Under the capitalist mode of production, the producer is ruled by the products of his labor rather than the other way around. Living labor in the present serves the accumulated dead labor of the past. “We suffer not only from the living, but from the dead. Le mort saisit le vif! [The dead holds the living in its grasp!]

An illustration of a poem by Johann Wolfgang von Goethe, found on nucius.org

In the Manifesto, Marx and Engels implicitly allude to Goethe’s poem, comparing society’s relation to capital to “the sorcerer who is no longer able to control the powers of the nether world whom he has called up by his spells.” Marshall Berman, the late Marxist critic, reflected on this line at some length in his 1982 masterpiece All that is Solid: The Experience of Modernity:

This image evokes the spirits of that dark medieval past that our modern bourgeoisie is supposed to have buried. Its members present themselves as matter-of-fact and rational, not magical; as children of the Enlightenment, not of darkness. When Marx depicts the bourgeois as sorcerers — remember, too, their enterprise has “conjured whole populations out of the ground,” not to mention “the specter of communism” — he is pointing to depths they deny. Marx’s imagery projects, here as ever, a sense of wonder over the modern world: its vital powers are dazzling, overwhelming, beyond anything the bourgeoisie could have imagined, let alone calculated or planned. But Marx’s images also express what must accompany any genuine sense of wonder: a sense of dread. For this miraculous and magical world is also demonic and terrifying, swinging wildly out of control, menacing and destroying blindly as it moves. The members of the bourgeoisie repress both wonder and dread at what they have made: these possessors don’t want to know how deeply they are possessed.
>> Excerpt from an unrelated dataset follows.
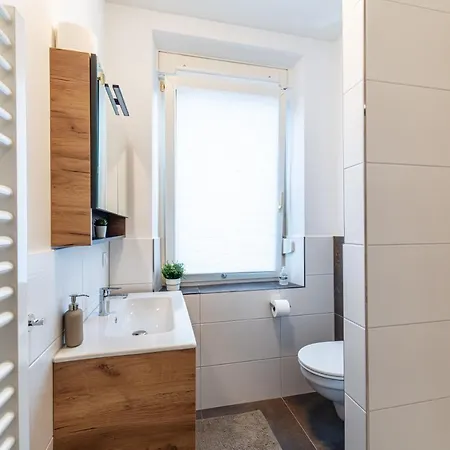 Appartement Renoviert Und Modern Nuremberg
All this ought to be perfectly familiar to attentive readers of Marx. Remarking on this peculiar double aspect, by which all things seem to engender their own negation, Marx observed: “In our days, everything seems pregnant with its contrary: Machinery, gifted with the wonderful power of shortening and fructifying human labor, we behold starving and overworking it. The newfangled sources of wealth, as if by some weird spell, are turned into sources of want. The victories of art seem bought by the loss of character.”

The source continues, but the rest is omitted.